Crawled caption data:
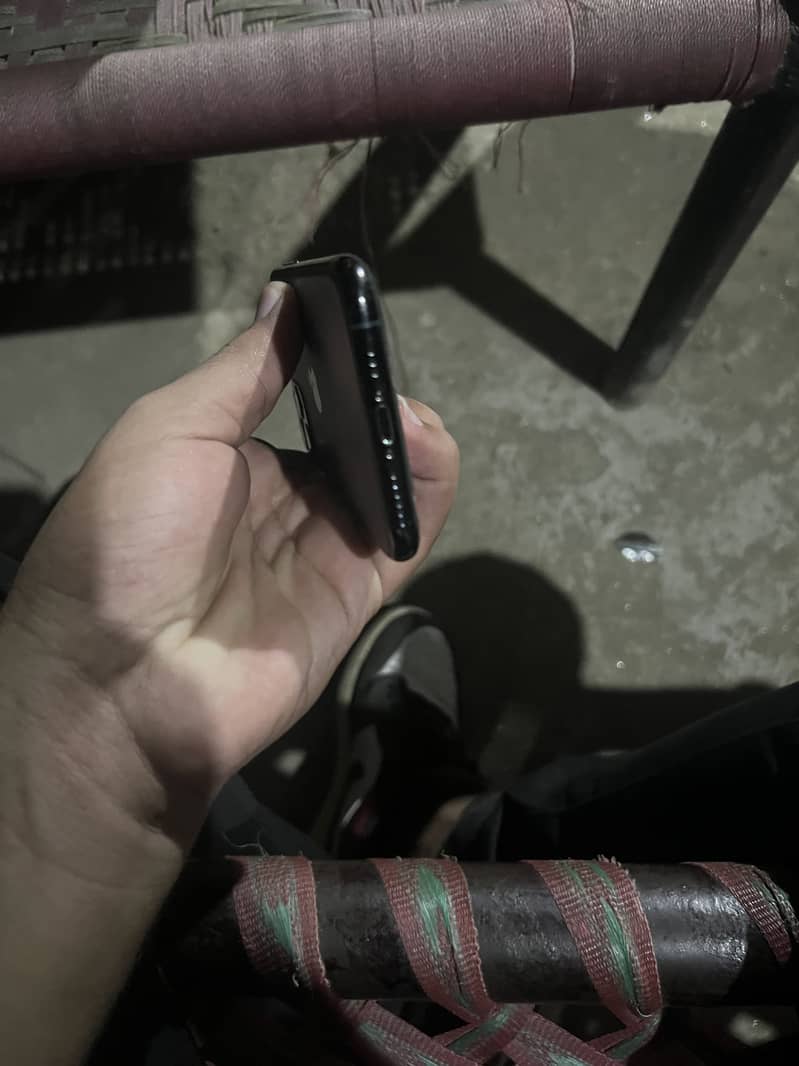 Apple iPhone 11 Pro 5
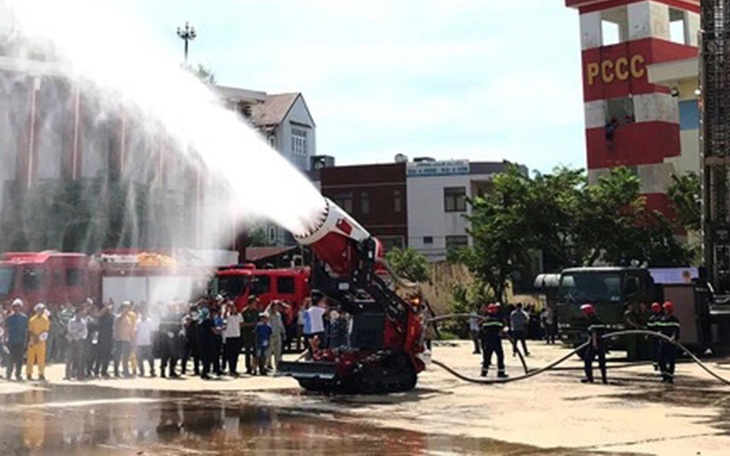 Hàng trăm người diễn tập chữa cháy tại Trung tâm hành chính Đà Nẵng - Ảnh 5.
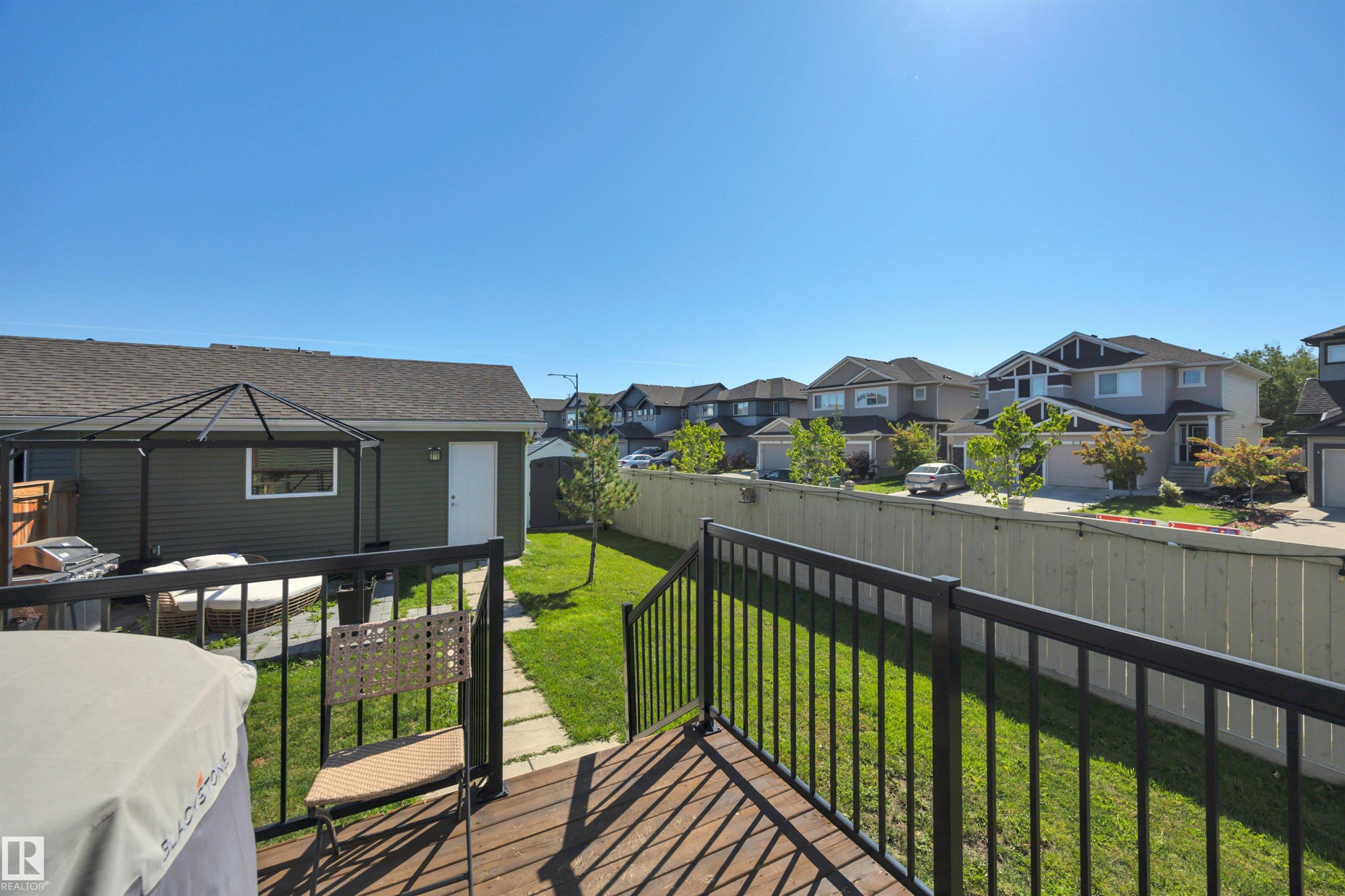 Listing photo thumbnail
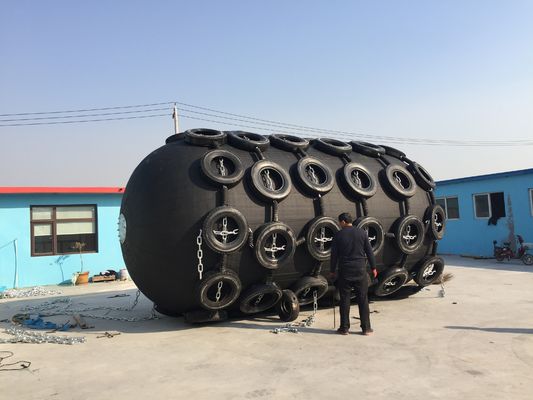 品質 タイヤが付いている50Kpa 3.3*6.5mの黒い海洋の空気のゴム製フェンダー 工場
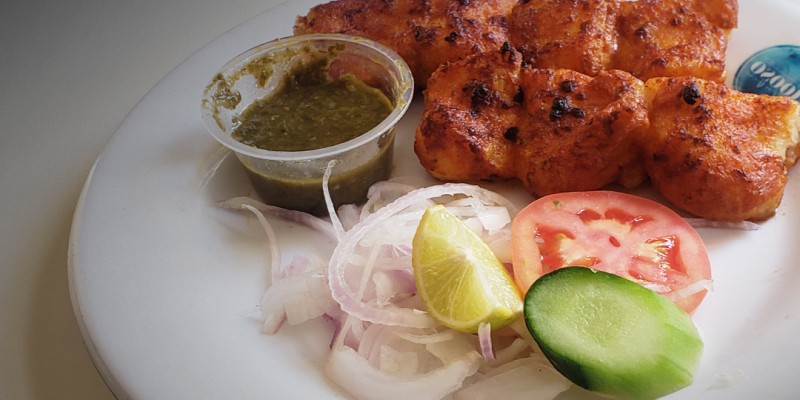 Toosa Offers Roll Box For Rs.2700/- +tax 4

**ASSIGNMENT:** Of the entries above, print exactly those lines that run from the one containing "Listing photo thumbnail" through the last line, excluding any pictures.

**FINAL ANSWER:**
 Listing photo thumbnail
 品質 タイヤが付いている50Kpa 3.3*6.5mの黒い海洋の空気のゴム製フェンダー 工場
 Toosa Offers Roll Box For Rs.2700/- +tax 4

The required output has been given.